Bu hastalık çocukların beden eğitimi derslerinden muaf tutulmasını gerektiren bir durum olmamakla birlikte, şikayetlerin aktif olduğu dönemlerde beden eğitimi derslerinde mümkün olduğunca pasif kalarak ancak derse katılarak (örneğin hakem veya öğretmene yardımcı olarak) gruptan kopmaması sağlanabilir.

 

Sever Hastalığı

Çocuklarda karşılaşılan topuk ağrısının en sık nedenidir. Yoğun fiziksel aktivite yapan çocuklarda 8 ile 15 yaş arasında bir dağılım göstermekte ve erkeklerde daha sık rastlanmaktadır. Hastaların %60’ında ağrılar her iki topukta da görülmektedir. Genellikle sert zeminde, çok sık ve ağır yüklenmeler şeklinde yapılan aktivitelere bağlı olarak, aşırı kullanım sonucunda Aşil tendonunun yapıştığı kemikte oluşan çekme kuvveti, kemikte hassasiyet oluşturmaktadır.
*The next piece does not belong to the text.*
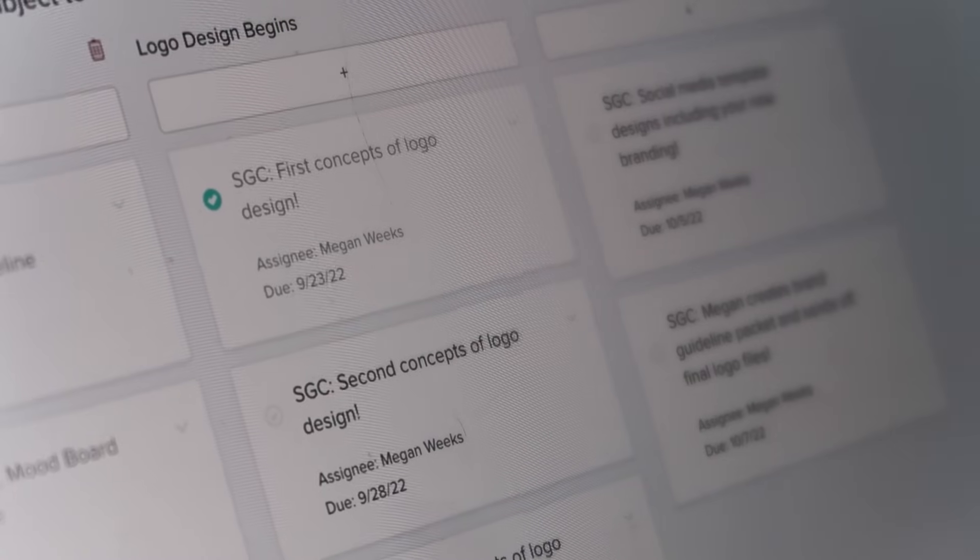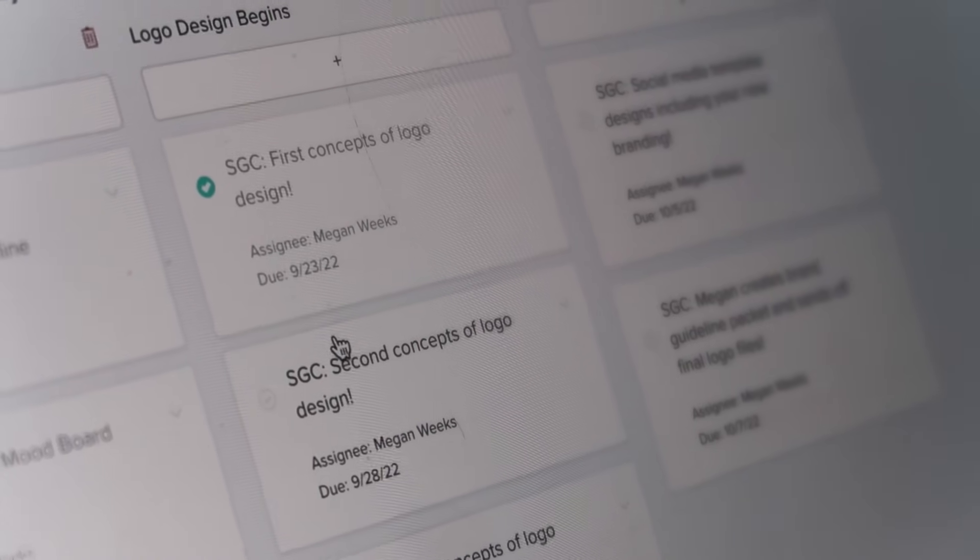Step three: once they've accepted the proposal, signed the contract, and submitted their deposit, it's time to begin. My very first step is to send them their client portal along with a questionnaire that gives me even more insight into their business. The portal has my task board, which helps both me and the client understand what I'm working on each week and when they'll have things in hand. I also send a video walkthrough explaining where to find everything in the portal, because communication is the biggest thing you can do for a great client experience.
Futbol ve Tenis sporu ile uğraşan çocuklarda daha sık görülmektedir. Ağrı aktivite ile artmaktadır. İlk başlarda çocuk ağrıyı tolere ederek spora devam etse de belli bir süre sonra aktivite sonrasında da ağrılar devam etmekte ve topuk ağrısı çocuğun yaşam kalitesini olumsuz etkileyebilmektedir. Genellikle bu süreçte hasta hekime başvurur.
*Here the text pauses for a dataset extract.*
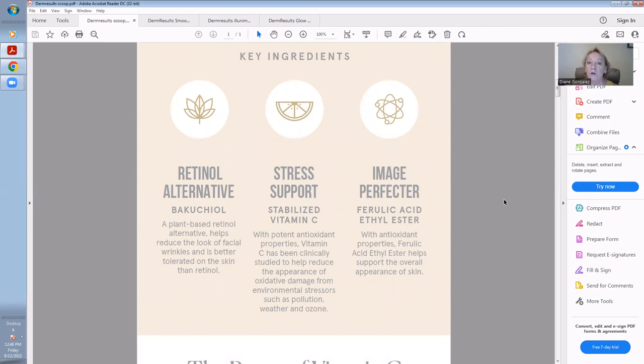We have a retinol alternative — Bakuchiol — a plant-based retinol alternative that helps reduce the look of facial wrinkles and is better tolerated on the skin than retinol. For stress support, stabilized Vitamin C with potent antioxidant properties has been clinically studied to help reduce the appearance of oxidative damage from environmental stressors such as pollution, weather, and ozone. And then the image perfecter, ferulic acid ethyl ester with antioxidant properties, helps support the overall appearance of skin.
Tıpkı Osgood-Schlatter hastalığında olduğu gibi bu hastalıkta da ağrılar çok şiddetliyse ilaçlar, buz uygulaması ve istirahat önerilmektedir. Bunların yanı sıra silikon topukluk kullanımı ile şok emilimi amaçlanmakta, gerekli durumlarda ayakkabı değişikliği ve kilo kontrolü de önerilmektedir. Antrenmanlar, çocuğun ağrı şiddetine göre modifiye edilerek kısıtlanmalıdır. Bu süreçte, çocuğun okula devam etmesine engel olacak bir durum söz konusu değildir ancak ağrının aktif olduğu süre boyunca beden eğitimi derslerinde mümkün olduğunca pasif kalınmalıdır.

Bu iki rahatsızlık da, çok büyük oranda, çocuklarda büyüme çağının tamamlanması ile birlikte ortadan kalkmakta ve gelecekteki yaşamlarında olumsuz etkiye yol açmamaktadır.
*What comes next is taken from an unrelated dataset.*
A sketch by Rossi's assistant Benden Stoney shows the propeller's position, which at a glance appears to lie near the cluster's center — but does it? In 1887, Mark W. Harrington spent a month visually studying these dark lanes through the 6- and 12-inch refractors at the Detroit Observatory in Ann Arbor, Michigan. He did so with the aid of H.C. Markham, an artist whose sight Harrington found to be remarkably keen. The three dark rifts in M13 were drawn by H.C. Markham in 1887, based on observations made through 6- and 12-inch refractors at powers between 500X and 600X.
Son söz olarak çocukların hem zihinsel hem fiziksel gelişimi açısından sporun çok önemli olduğunu vurgulamak isterim. Akademik yönden başarılı olan insanlara bakıldığında, sporun çocukluk çağlarında hayatlarının bir parçası olduğu görülmektedir. Ailelerimiz bilmelidir ki bu kişiler “Spora rağmen değil spor sayesinde” başarılı olmuşlardır.